Sosok AK yang menarik perhatian publik ternyata pernah mengikuti seleksi tenaga pendukung teknis di Komdigi pada 2023. Namun, meskipun gagal lolos seleksi, ia tetap bekerja di Komdigi dengan wewenang mengatur pemblokiran situs judi online. Wira mengungkapkan bahwa polisi masih mendalami bagaimana AK bisa memperoleh posisi strategis ini. Kewenangan AK memungkinkan ia mengatur situs mana yang perlu diblokir atau tidak, seolah memegang kendali langsung atas jaringan situs judi online tersebut.
Sejumlah situs judi online yang ingin tetap beroperasi di Indonesia diharuskan membayar setiap dua minggu untuk menghindari pemblokiran. Setelah daftar situs bersih dari nama-nama yang telah menyetor uang, AK menyerahkannya kepada pelaku lain, yakni R, untuk melakukan pemblokiran pada situs yang tidak membayar. Hal ini membuat kelompok ini seolah menjadi otoritas bayangan dalam mengatur lalu lintas situs judi di Indonesia.
Kasus ini mengungkap celah sistem keamanan dan seleksi di kementerian yang seharusnya bertanggung jawab atas pengawasan konten internet. Pertanyaan besar yang muncul adalah bagaimana AK, yang tidak lolos seleksi, bisa mendapat akses dan wewenang dalam mengendalikan proses pemblokiran konten. Polisi kini menelusuri pihak yang memungkinkan AK bekerja di Komdigi, meskipun gagal dalam seleksi resmi. Apakah ada intervensi dari pihak internal kementerian? Jika benar, ini menunjukkan adanya kelemahan di tingkat seleksi pegawai dan pengawasan di Komdigi.

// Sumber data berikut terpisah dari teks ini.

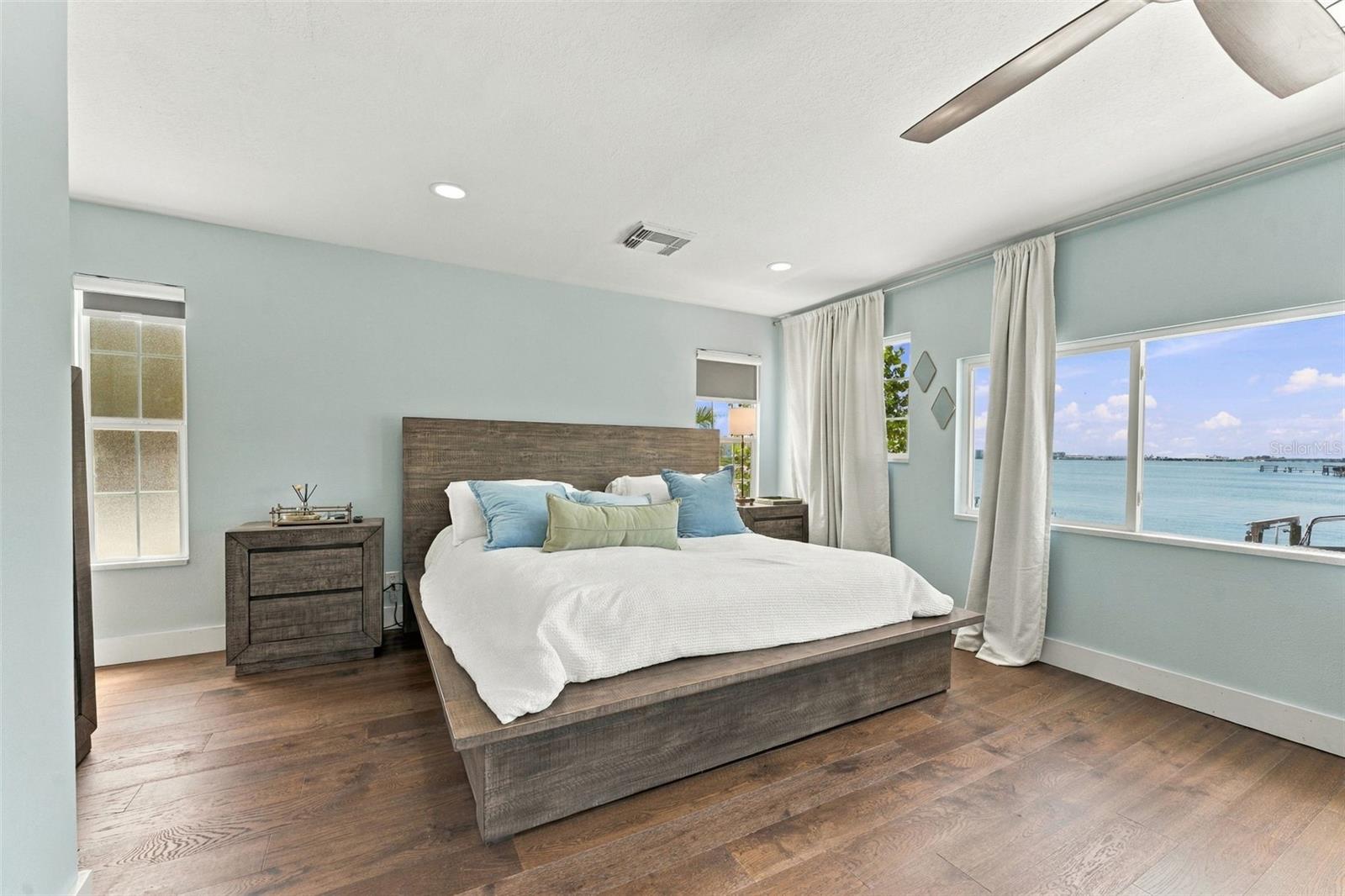 135 HARBOR DR — photo 22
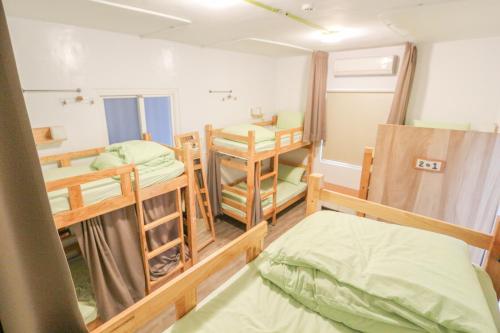 Tempat tidur susun dalam kamar di T-Life Hostel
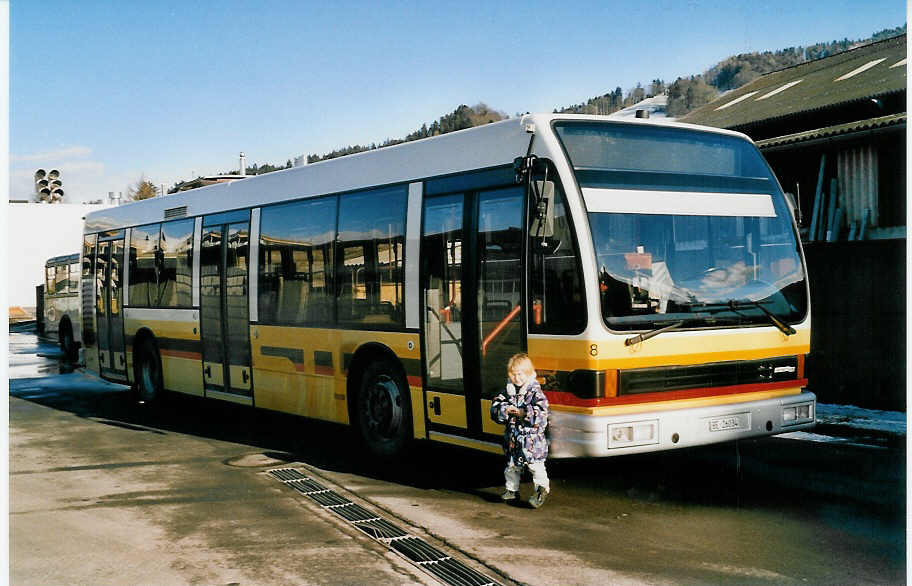 (038'017) - STI Thun - Nr. 8/BE 26'034 - Den Oudsten (ex TSG Blumenstein Nr. 8) am 20. Dezember 1999 in Thun, Garage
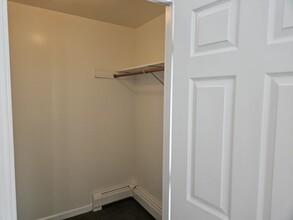 210 Garibaldi Ave in Stratford, CT - Building Photo - Building Photo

Selain soal integritas, kasus ini menyiratkan betapa besarnya pengaruh uang dalam memengaruhi pihak-pihak yang seharusnya menegakkan aturan. Modus pemblokiran yang ditawarkan dengan biaya tertentu tak hanya merusak tatanan hukum, tetapi juga menunjukkan bagaimana kepercayaan publik terhadap kementerian terkait dapat terancam.
Di tengah pengungkapan ini, publik menantikan hasil penyelidikan lanjutan, termasuk penelusuran asal muasal AK di kementerian. Kasus ini diharapkan bisa menjadi momentum penting untuk memperbaiki sistem rekrutmen dan pengawasan di lembaga-lembaga yang memiliki wewenang tinggi atas informasi publik di era digital ini.